[Web page caption snippets]

____

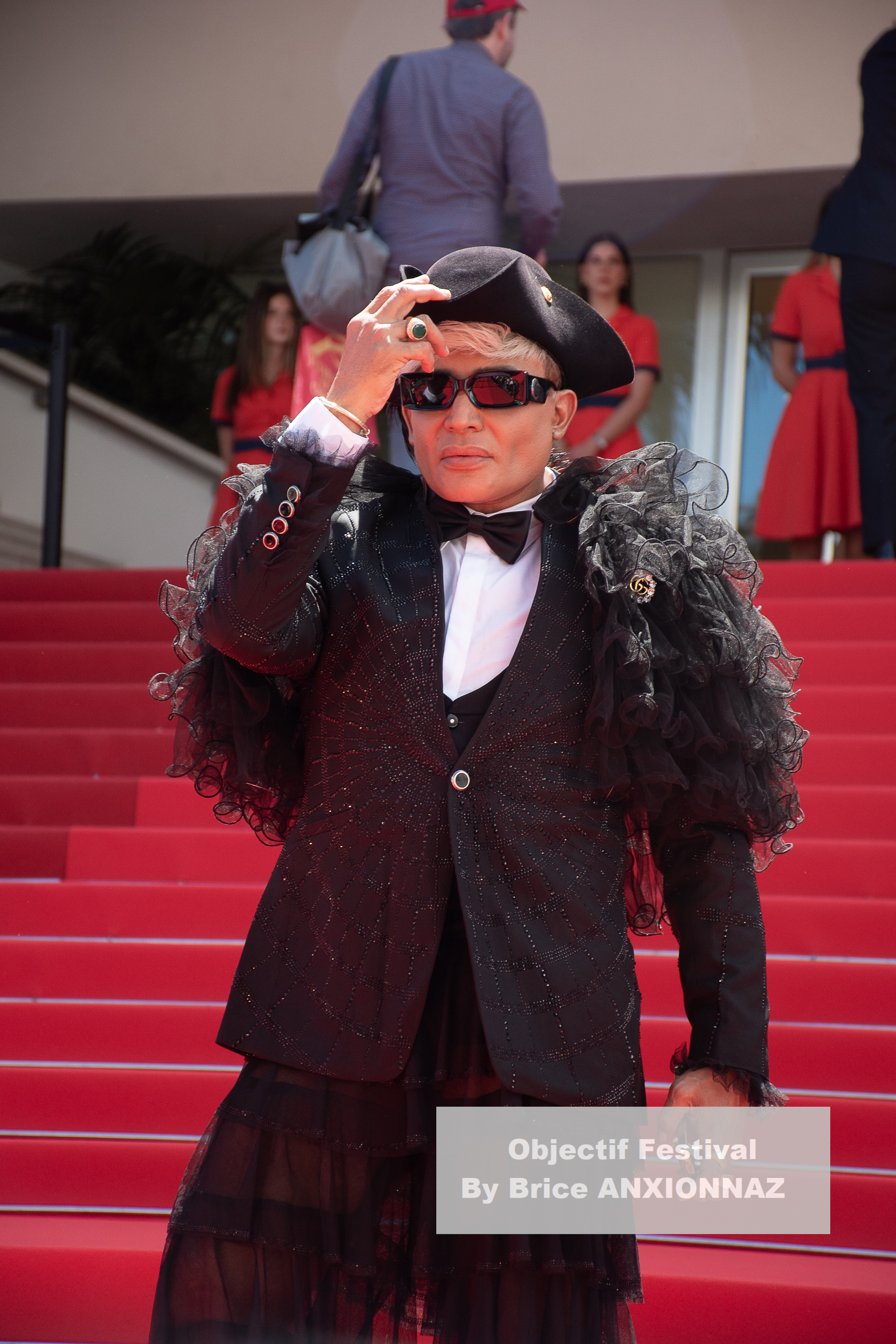 Fashion Week Clients ANNA - Fashion Week at Cannes2025-Jeunes-Meres, RedCarpet on May 23rd, 2025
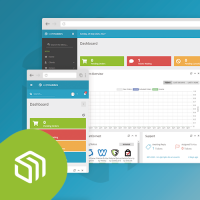 SwiftModders WHMCS Admin Theme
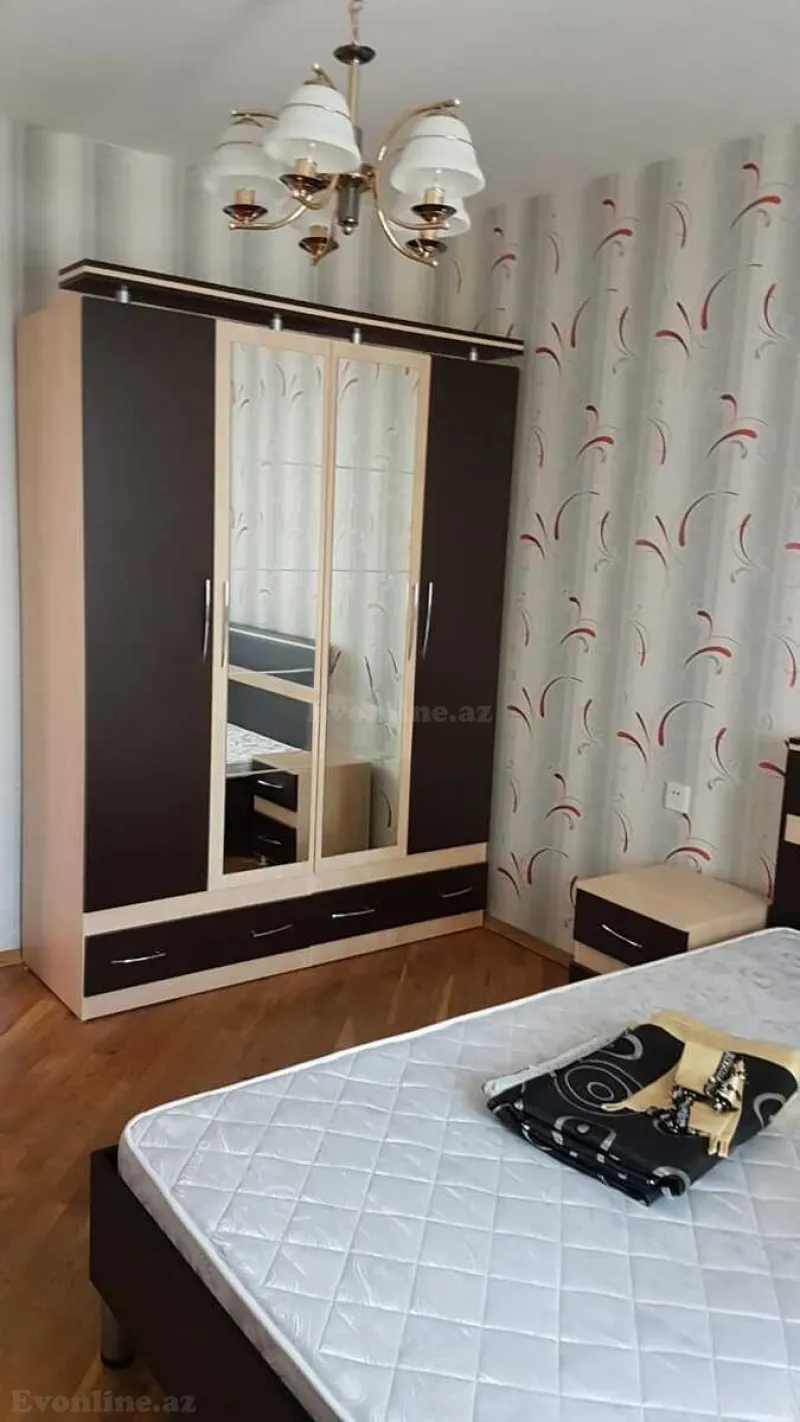 Satılır 2 otaqlı Mənzil Köhnə tikili 51 m² Binəqədi r. - şəkil 6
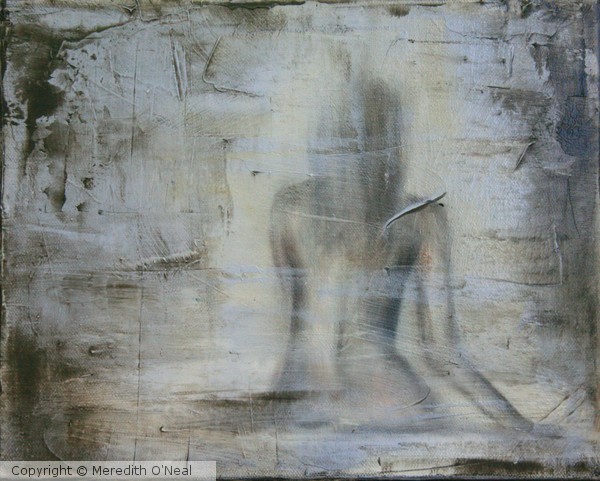 Fading Into The Grey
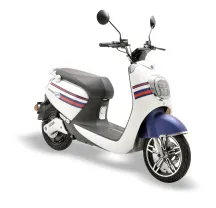 Scooter électrique NIPPONIA 50 VOLTY - Top case offert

____

| Work instruction |
Write out the lines from the line with "Fading Into The Grey" through the end of the records exactly; do not include pictures or any other lines.

| Written response |
 Fading Into The Grey
 Scooter électrique NIPPONIA 50 VOLTY - Top case offert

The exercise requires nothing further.